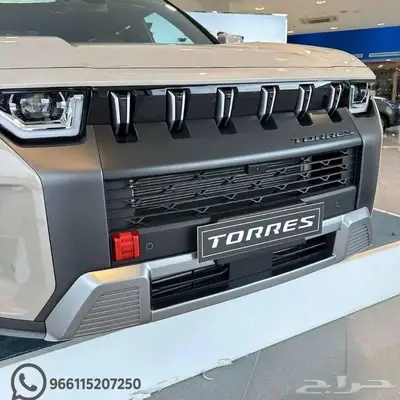 KGM توريس سمارت 2025 كاش واقساط index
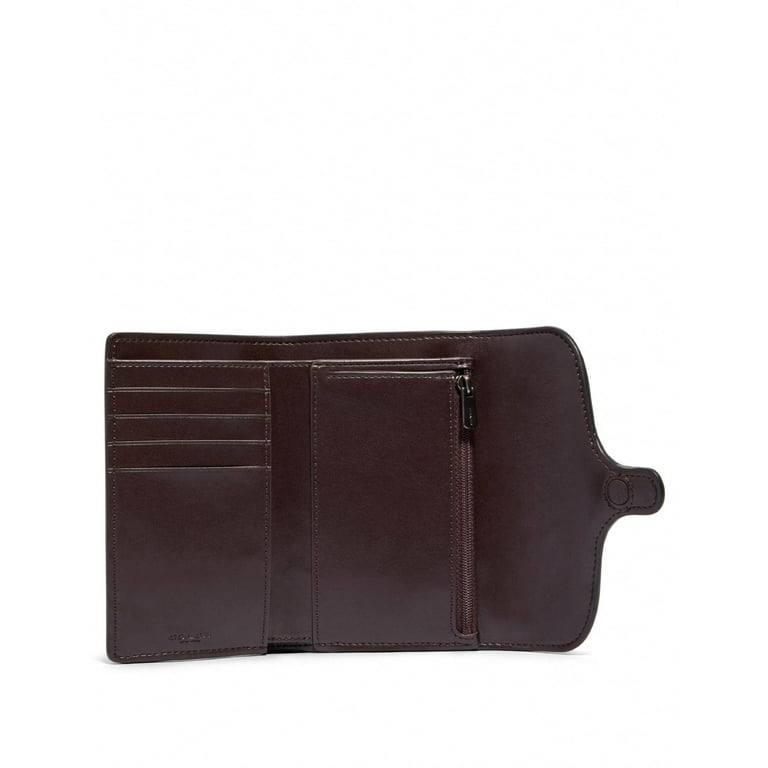 Coach jade medium wallet hotsell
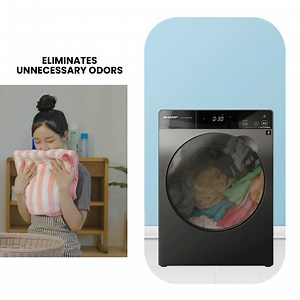 4.6K views · 32 reactions | Fully Automatic Front Load Washing...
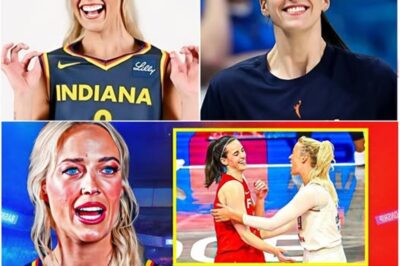 Caitlin Clark and Sophie Cunningham—two of the WNBA’s biggest stars—are about to shake things up. Cunningham’s first media appearance in Indiana wasn’t just a statement; it was a game-changer. What did she reveal that has everyone talking? This could be the start of something huge. Don’t miss it.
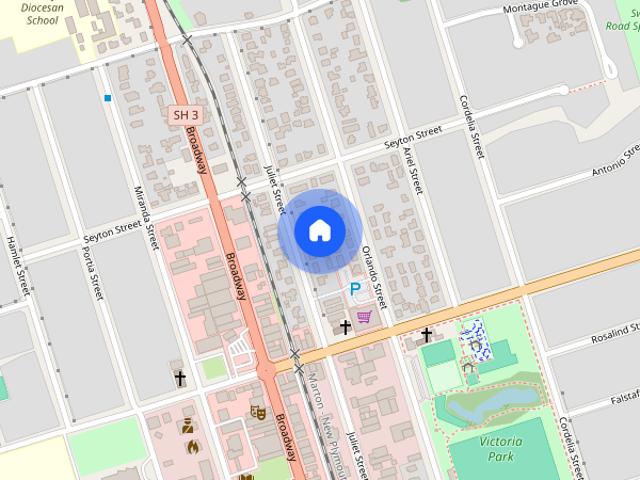 Apartment for rent in Stratford, Stratford District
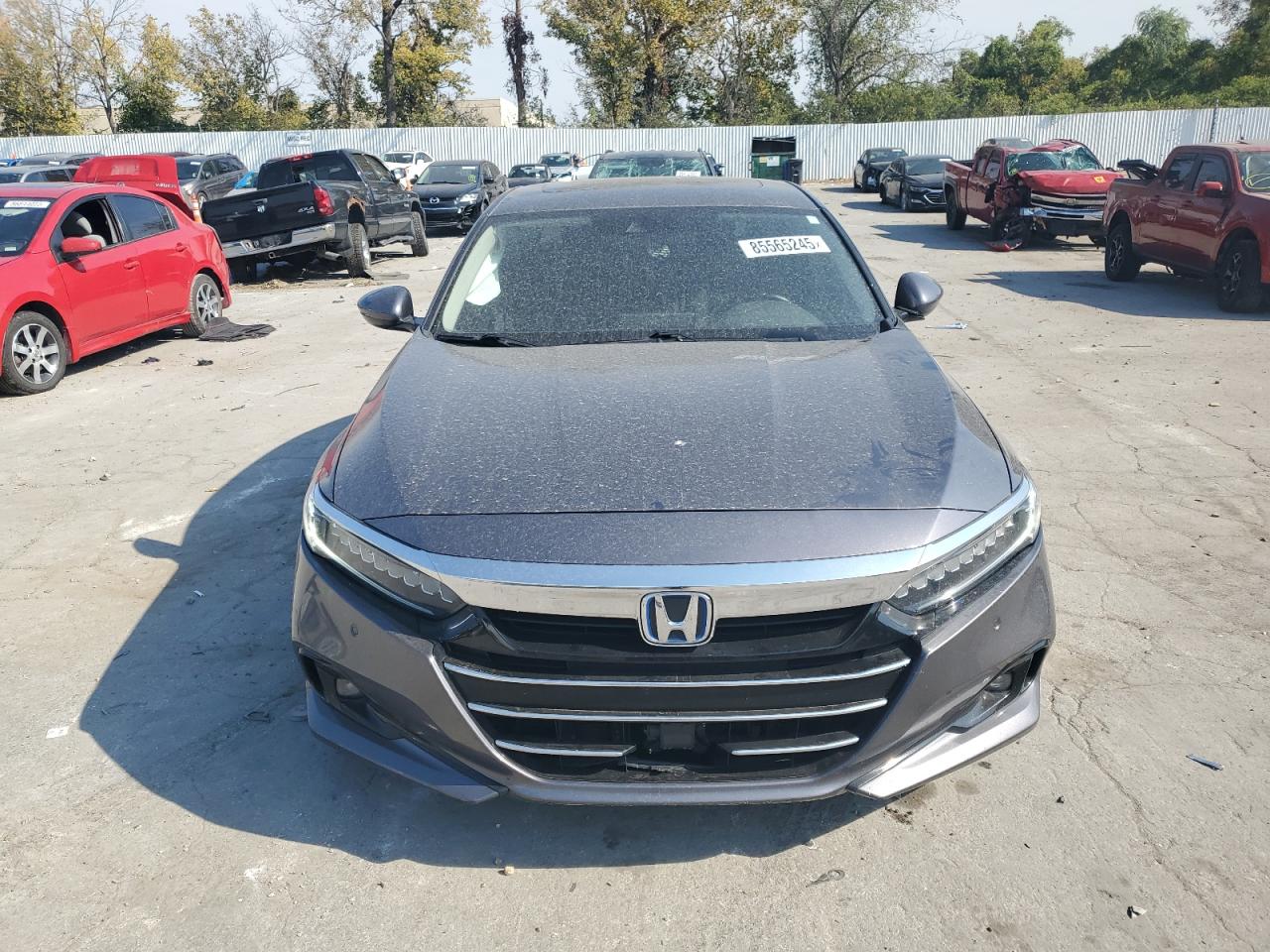 HONDA ACCORD HYBRID EXL
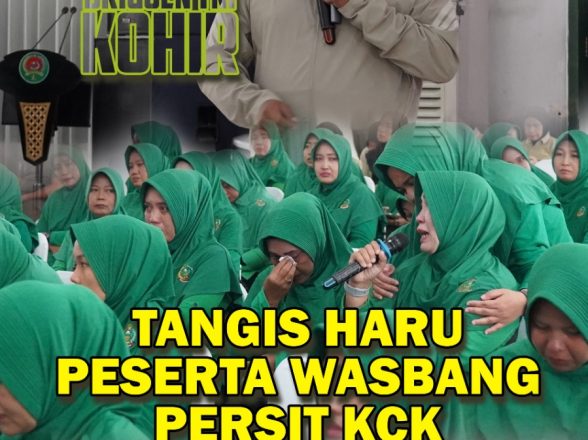 Danrem Bhaskara Jaya: Di Balik Pengabdian Prajurit , Ada Keluarga Yang Tak Pernah Berhenti Menguatkan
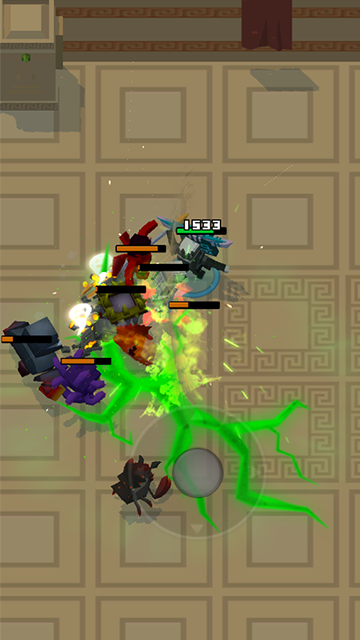 像素刀片革命手游3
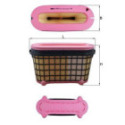 Õhufilter MAHLE LX 5437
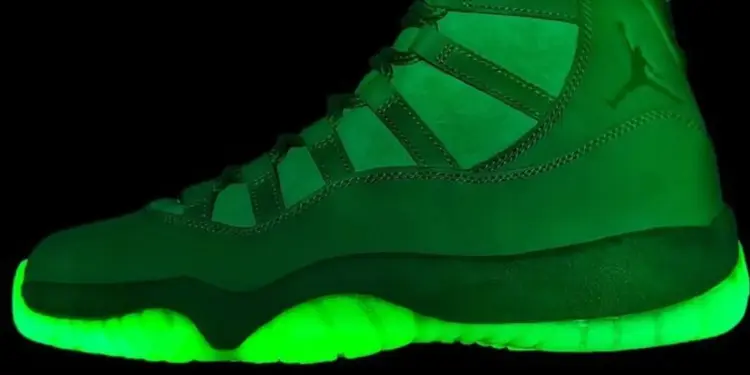 Air Jordan 11 ‘Green Screen’ Gets Official Release Date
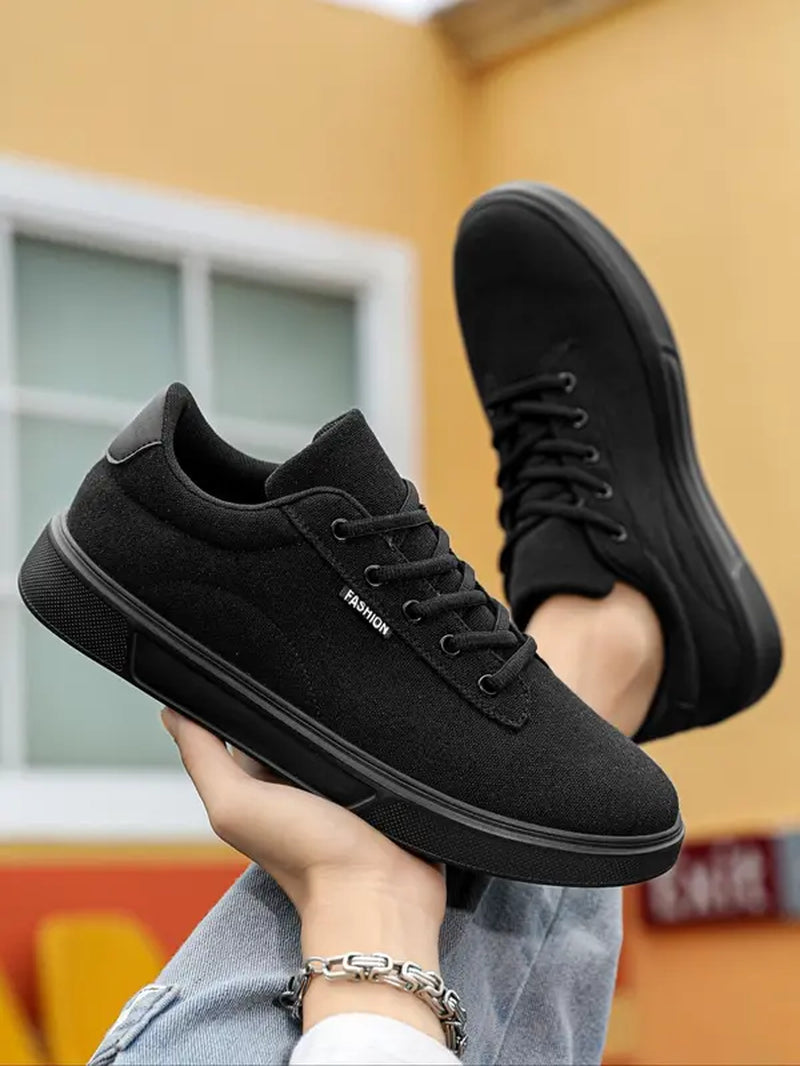 Canvas Sneakers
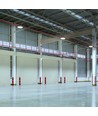LED high bay, dimbar 0-10V, 105W, 70° spridning - 105lm/W IP65, IK06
##########
▶ What is required: Retype all records exactly as shown above, images excluded.

▶ Expected output:
 KGM توريس سمارت 2025 كاش واقساط index
 Coach jade medium wallet hotsell
 4.6K views · 32 reactions | Fully Automatic Front Load Washing...
 Caitlin Clark and Sophie Cunningham—two of the WNBA’s biggest stars—are about to shake things up. Cunningham’s first media appearance in Indiana wasn’t just a statement; it was a game-changer. What did she reveal that has everyone talking? This could be the start of something huge. Don’t miss it.
 Apartment for rent in Stratford, Stratford District
 HONDA ACCORD HYBRID EXL
 Danrem Bhaskara Jaya: Di Balik Pengabdian Prajurit , Ada Keluarga Yang Tak Pernah Berhenti Menguatkan
 像素刀片革命手游3
 Õhufilter MAHLE LX 5437
 Air Jordan 11 ‘Green Screen’ Gets Official Release Date
 Canvas Sneakers
LED high bay, dimbar 0-10V, 105W, 70° spridning - 105lm/W IP65, IK06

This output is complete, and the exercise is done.